** Opening The records block **

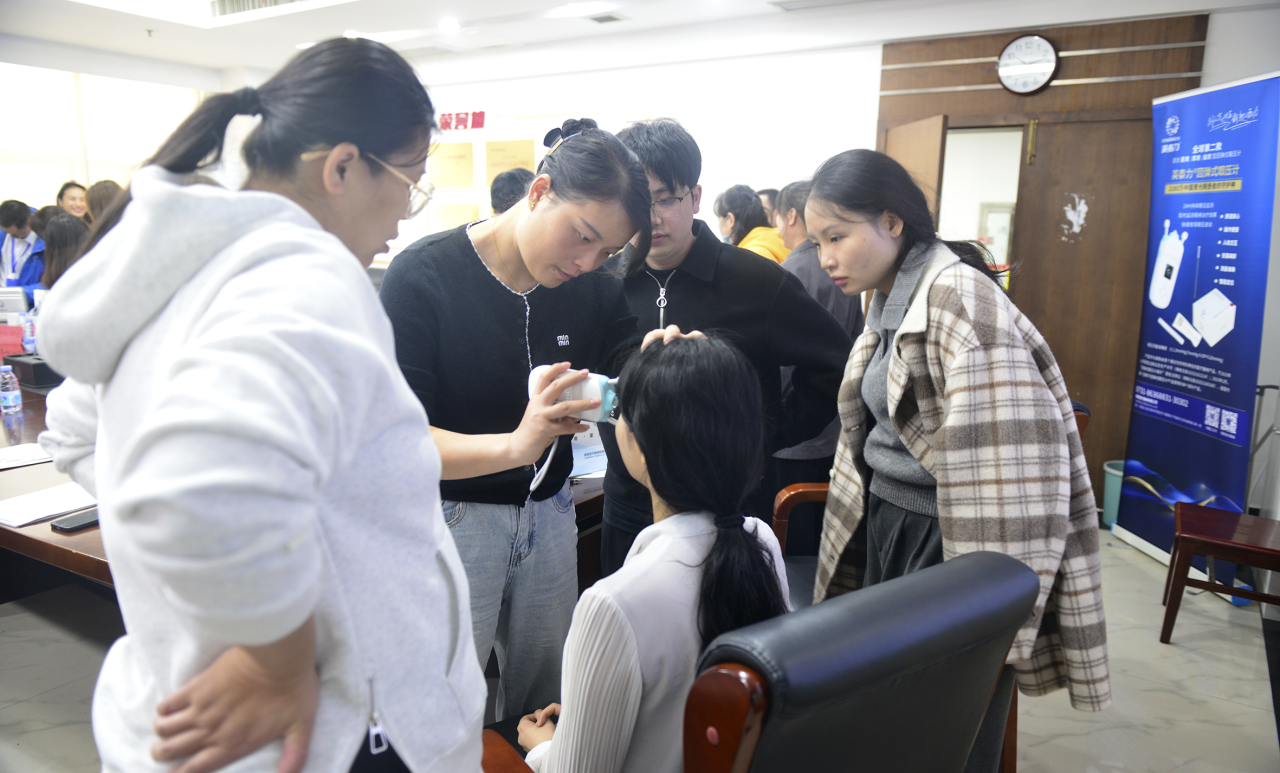 微信图片_20251110091905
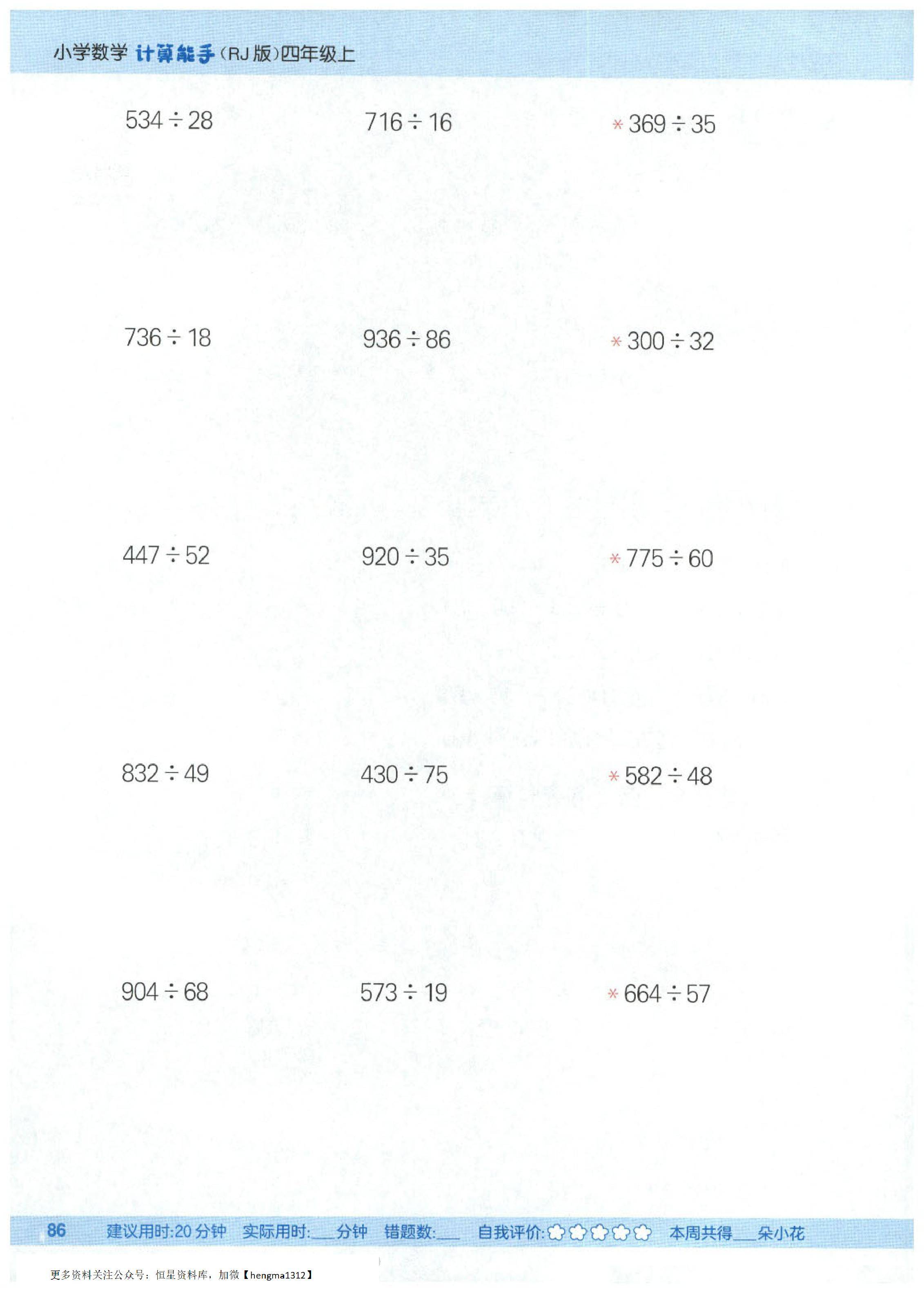 包含小学数学计算题专项（1000题）的词条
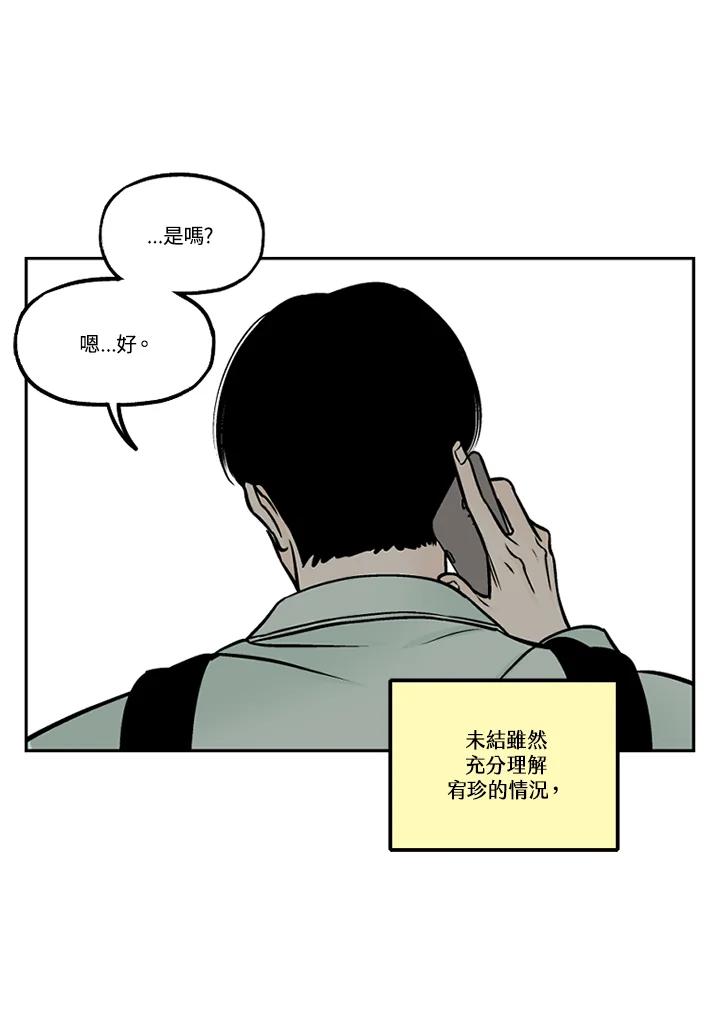 《未完结》第47话 第20页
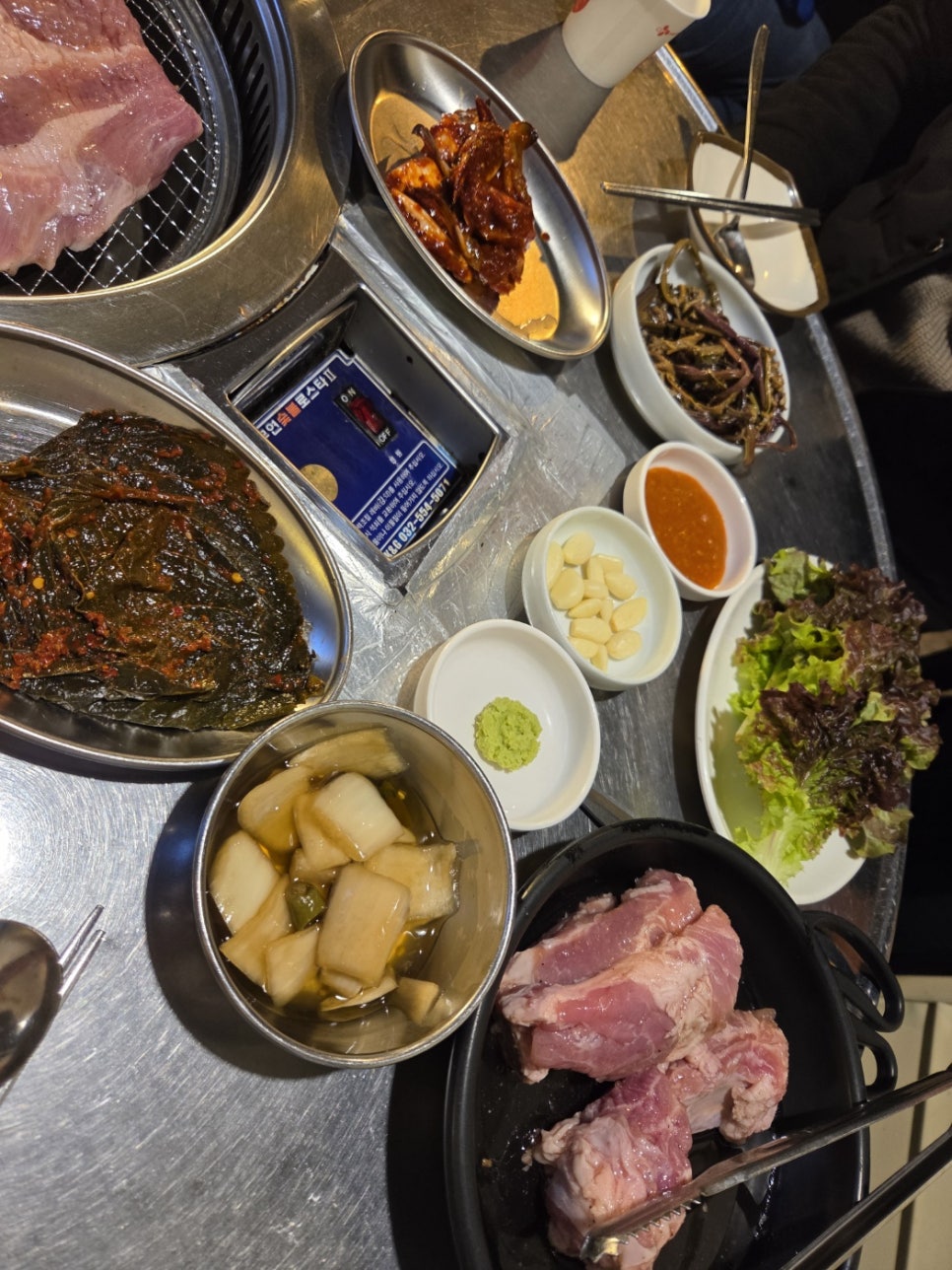 쌍룡갈비 이미지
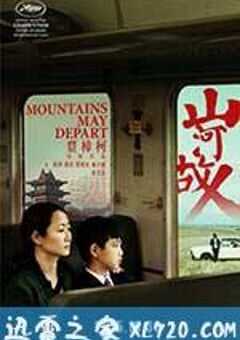 山河故人 (2015) 4K网盘迅雷下载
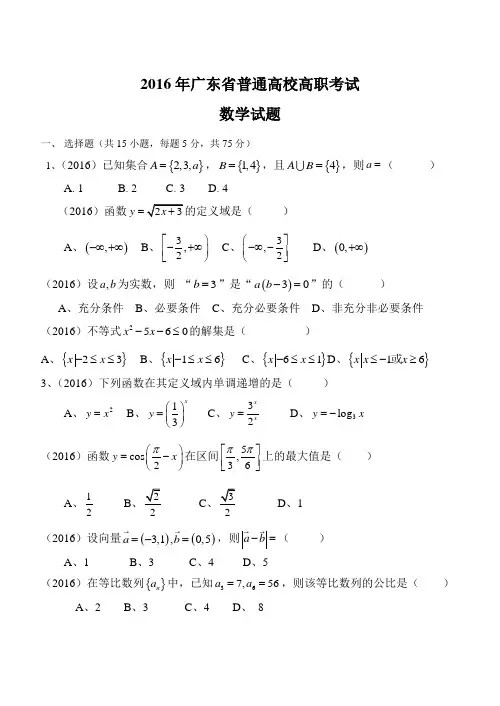 2019广东省中职高考数学试题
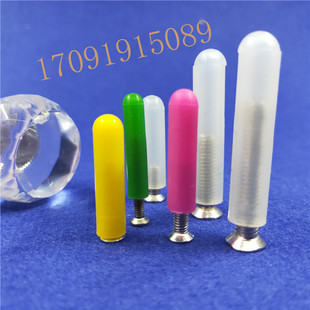 密封硅胶套 烤漆喷涂遮蔽硅胶套 m20*38螺丝用防尘防锈 耐高温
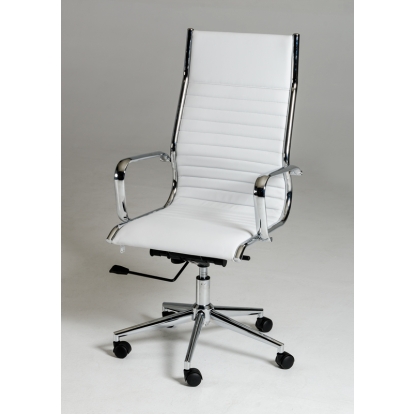 VIG Furniture White Office Chair SKU VGLFWX-15-WHT - Product ID 17856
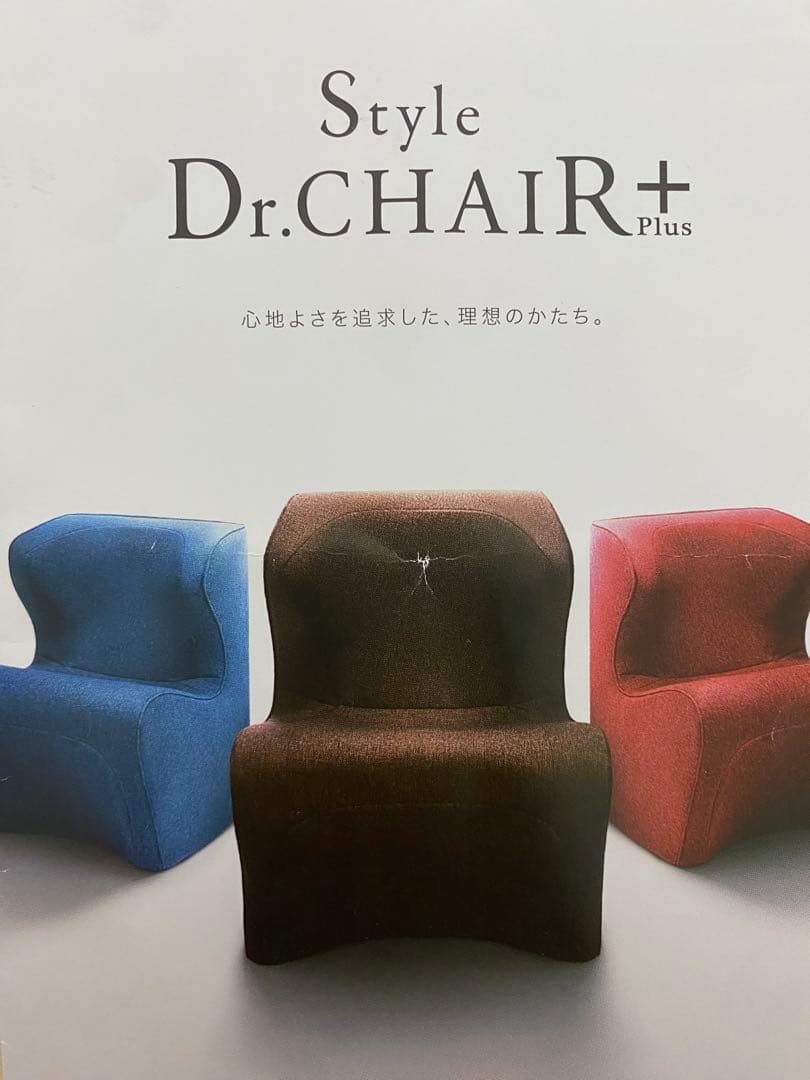Dr.CHAIR+ Plus スタイルドクターチェアプラス　ブラウン　ユーズド品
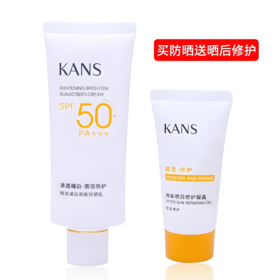 【亚欧超市】韩束美白亮肤防晒乳60ml+30ml/瓶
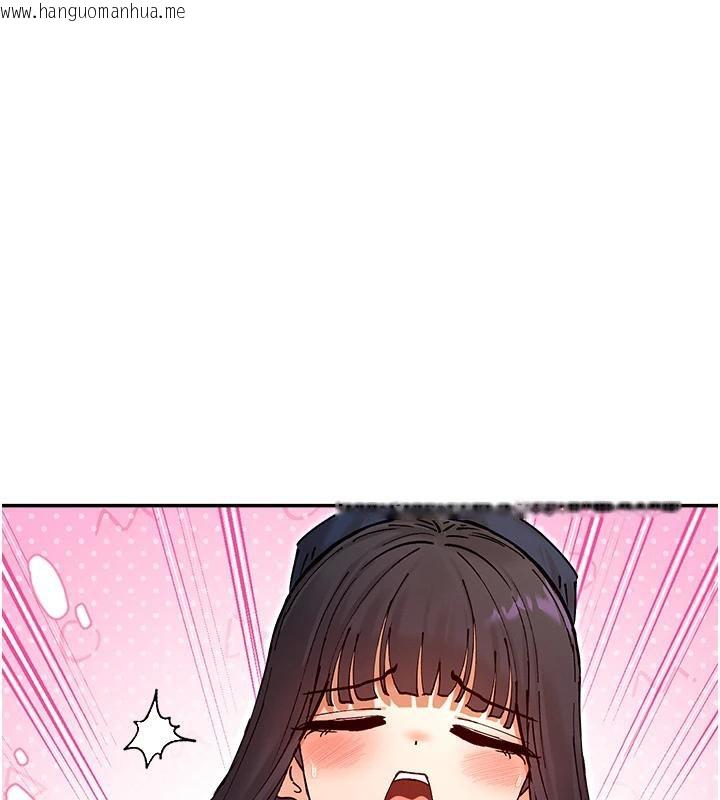 韩国漫画女神都在看这些?韩漫_女神都在看这些?-第57话-姐姐的后穴更销魂在线免费阅读-韩国漫画-第121张图片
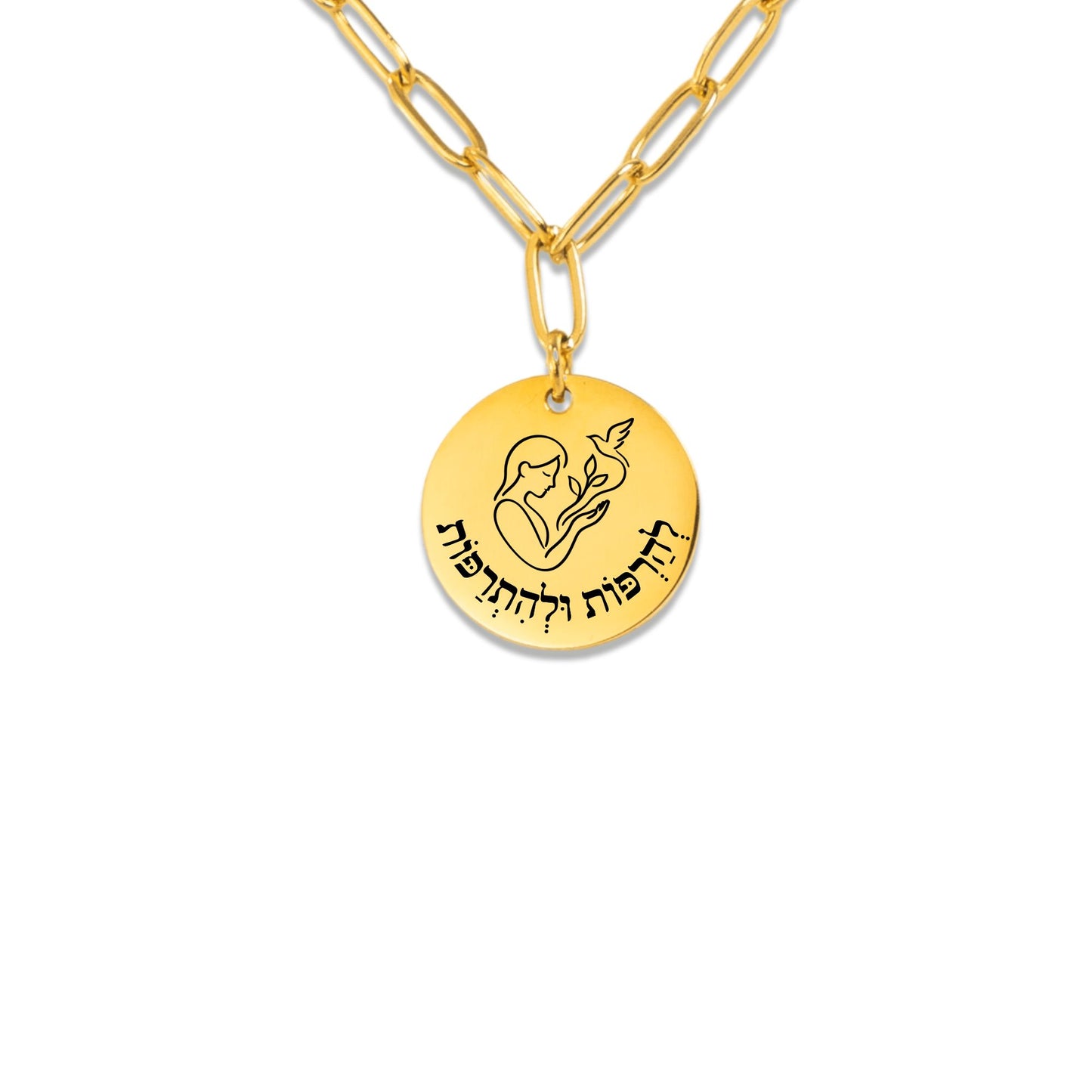 Release & Heal – “Leharpot Velehitrapot” Paperclip Coin Necklace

** Closing The records block **

• What to do
Restrict the output to the lines from the one with "山河故人 (2015) 4K网盘迅雷下载" through the last line of the material above. Print them exactly, leaving out every picture.

• Answer
 山河故人 (2015) 4K网盘迅雷下载
 2019广东省中职高考数学试题
 密封硅胶套 烤漆喷涂遮蔽硅胶套 m20*38螺丝用防尘防锈 耐高温
 VIG Furniture White Office Chair SKU VGLFWX-15-WHT - Product ID 17856
Dr.CHAIR+ Plus スタイルドクターチェアプラス　ブラウン　ユーズド品
 【亚欧超市】韩束美白亮肤防晒乳60ml+30ml/瓶
 韩国漫画女神都在看这些?韩漫_女神都在看这些?-第57话-姐姐的后穴更销魂在线免费阅读-韩国漫画-第121张图片
 Release & Heal – “Leharpot Velehitrapot” Paperclip Coin Necklace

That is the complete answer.